>>>

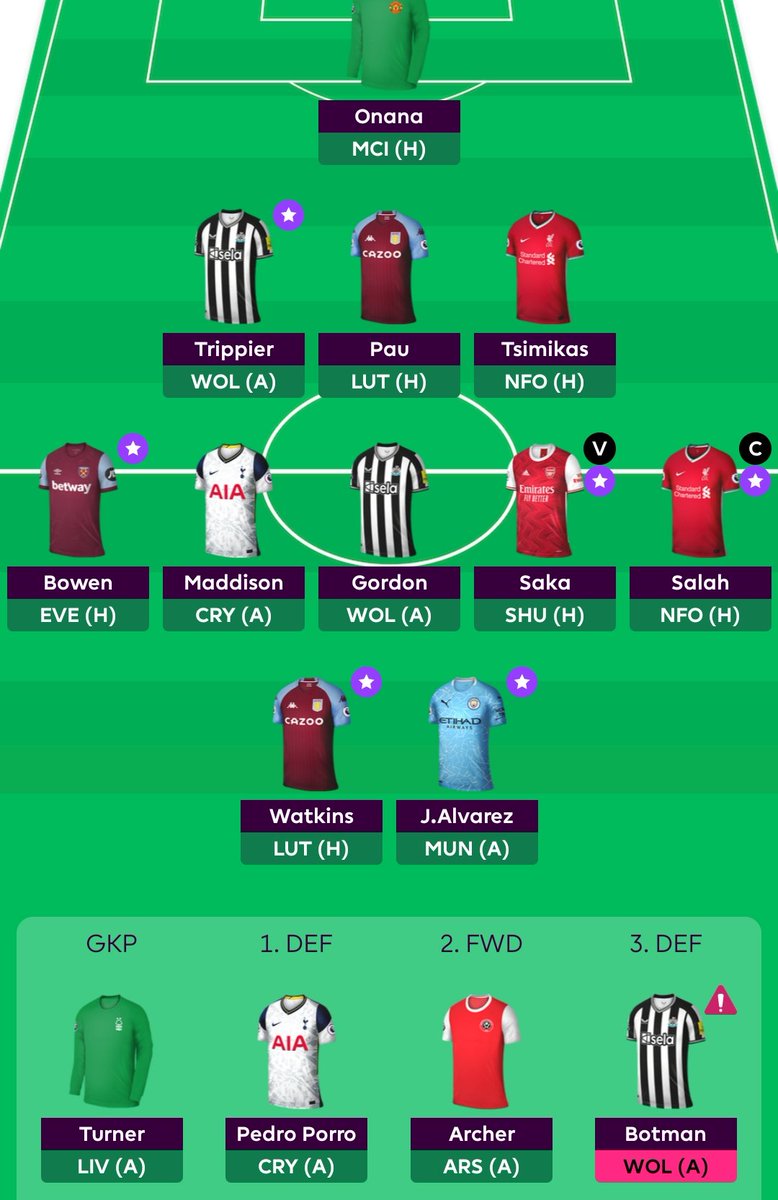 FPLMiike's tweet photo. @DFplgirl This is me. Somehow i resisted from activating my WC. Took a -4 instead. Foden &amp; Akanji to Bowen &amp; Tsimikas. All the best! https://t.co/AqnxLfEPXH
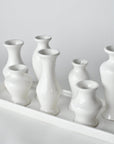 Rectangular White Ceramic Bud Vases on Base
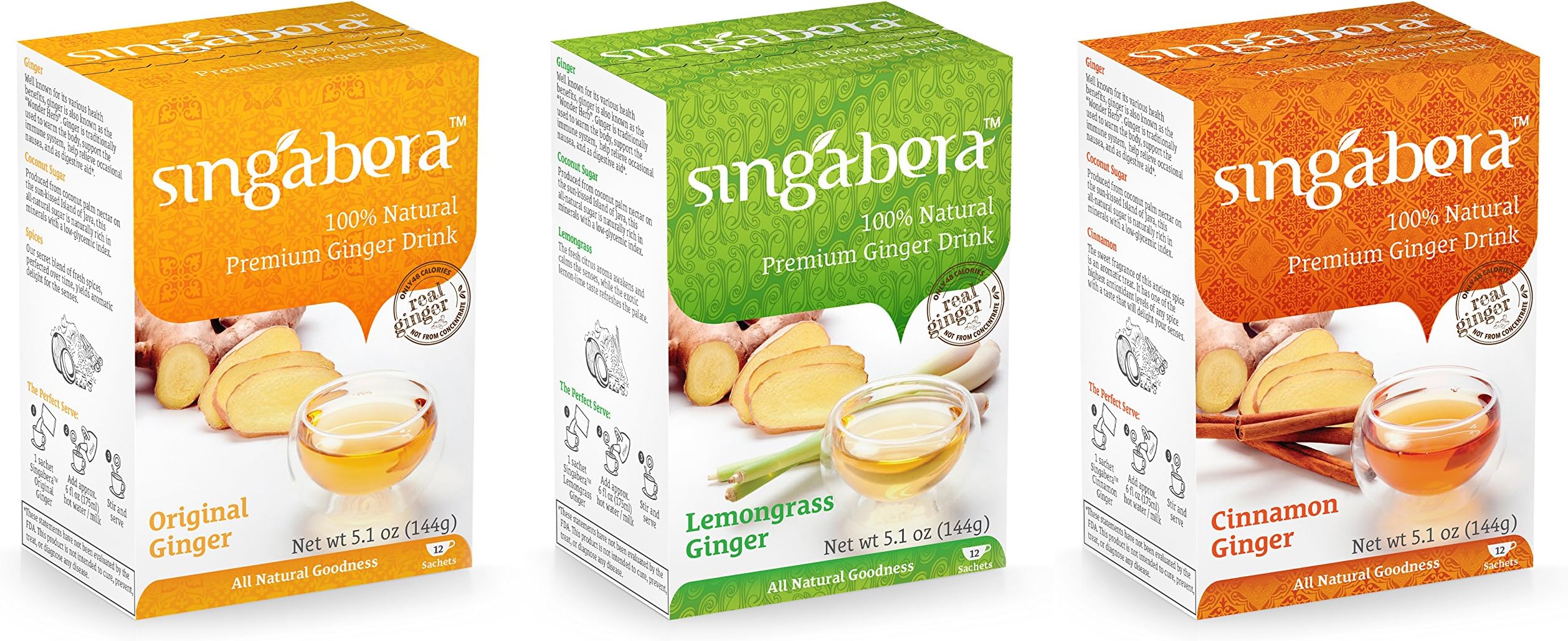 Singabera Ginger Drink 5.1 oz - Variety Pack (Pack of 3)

<<<
>>>

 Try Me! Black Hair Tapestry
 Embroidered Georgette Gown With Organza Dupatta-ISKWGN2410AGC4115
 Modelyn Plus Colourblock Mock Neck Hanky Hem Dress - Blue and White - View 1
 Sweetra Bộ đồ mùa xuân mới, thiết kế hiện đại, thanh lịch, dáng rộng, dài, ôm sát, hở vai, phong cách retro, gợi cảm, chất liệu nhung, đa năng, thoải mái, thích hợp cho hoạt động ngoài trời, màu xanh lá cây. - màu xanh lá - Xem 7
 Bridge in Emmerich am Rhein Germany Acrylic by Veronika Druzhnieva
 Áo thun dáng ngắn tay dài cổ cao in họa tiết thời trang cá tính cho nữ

<<<

Your task is to return each line of the data above that contains the string "dáng".

■ **ANSWER FOR THE TASK**
 Sweetra Bộ đồ mùa xuân mới, thiết kế hiện đại, thanh lịch, dáng rộng, dài, ôm sát, hở vai, phong cách retro, gợi cảm, chất liệu nhung, đa năng, thoải mái, thích hợp cho hoạt động ngoài trời, màu xanh lá cây. - màu xanh lá - Xem 7
 Áo thun dáng ngắn tay dài cổ cao in họa tiết thời trang cá tính cho nữ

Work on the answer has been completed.